First, find the IAM role associated with the EC2 instance on which your StarRocks cluster runs (that role is referred to as the EC2 instance role hereinafter in this topic), and obtain the role's ARN. You will need the EC2 instance role for instance profile-based authentication and need the EC2 instance role and its ARN for assumed role-based authentication.

Next step, create an IAM policy based on the type of AWS resource you want to access and the specific operation scenario within StarRocks. A policy in AWS IAM declares a set of permissions on a specific AWS resource. After creating a policy, you need to attach it to an IAM role or user. As such, the IAM role or user is assigned the permissions declared in the policy to access the specified AWS resource.

NOTICE

To make these preparations, you must have permission to sign in to the AWS IAM console and edit IAM users and roles.
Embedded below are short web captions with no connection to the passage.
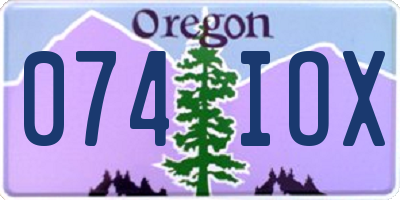 OR license plate 074IOX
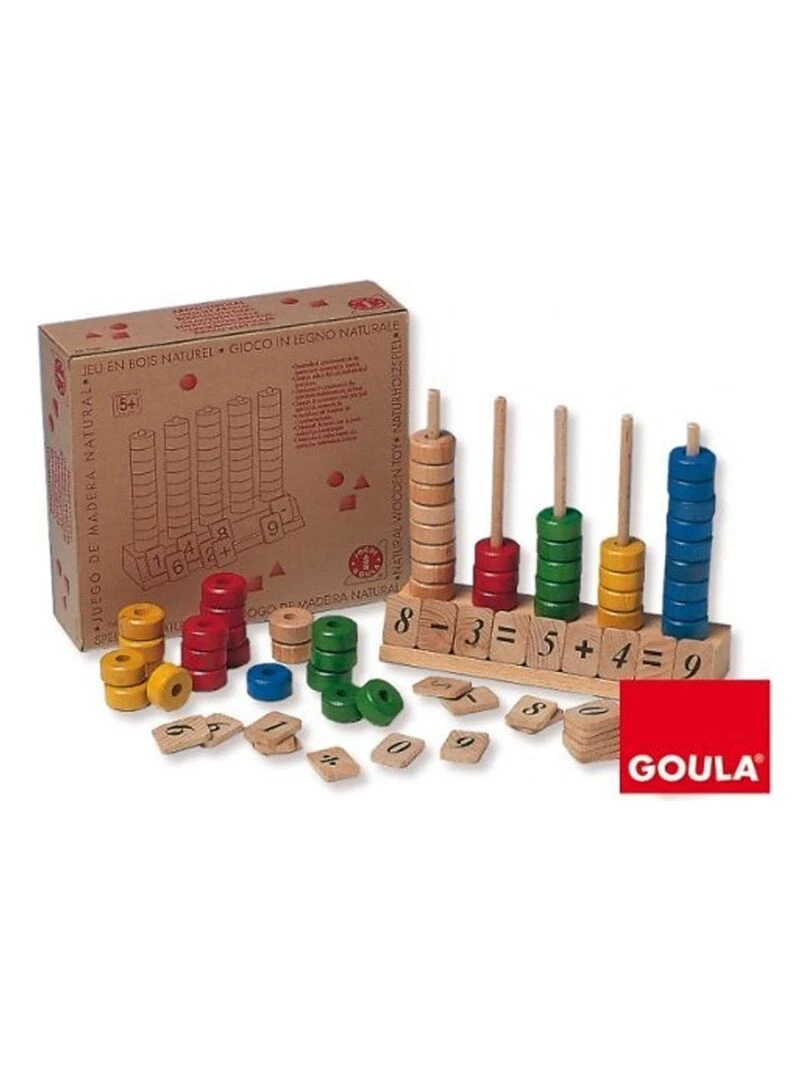 Boulier en bois : Abaque vertical   N/A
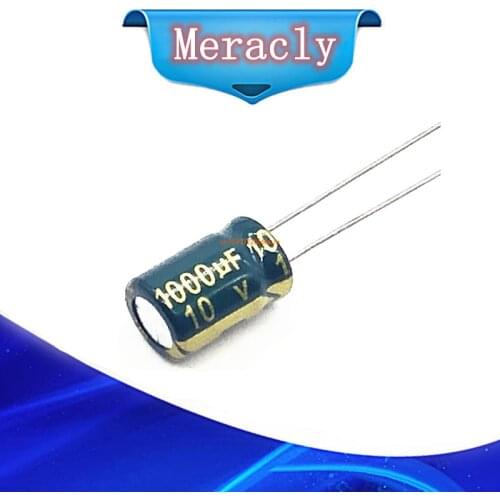 20pcs/lot 10v 1000UF Low ESR / Impedance high frequency aluminum electrolytic capacitor size 8X12 1000UF 10v 1000uf 20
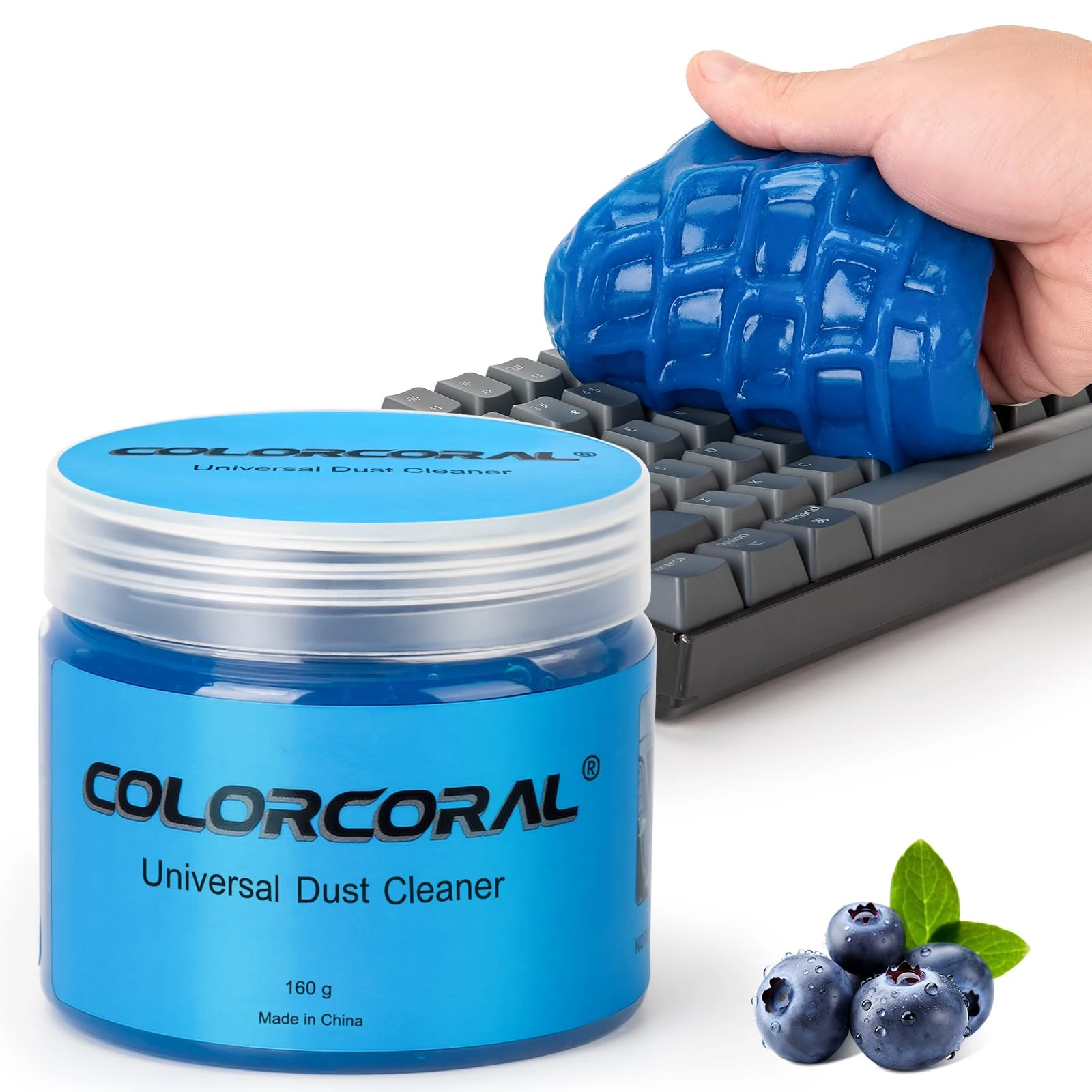 COLORCORAL Keyboard Cleaner Gel for PC Laptop Reusable Car Cleaning Gel Cleaner Slime for Car Dashboard, Universal Dust Cleaner Cleaning Putty Gel for Electronics, Computer, Vents, keyboard putty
For the IAM policy you will need to access a specific AWS resource, see the following sections:

Preparation for instance profile-based authentication

Attach the IAM policies for accessing the required AWS resources to the EC2 instance role.

Preparation for assumed role-based authentication

Create IAM roles and attach policies to them

Create one or more IAM roles, depending on the AWS resources you want to access. See Creating IAM roles. Then, attach the IAM policies for accessing the required AWS resources to the IAM roles you create.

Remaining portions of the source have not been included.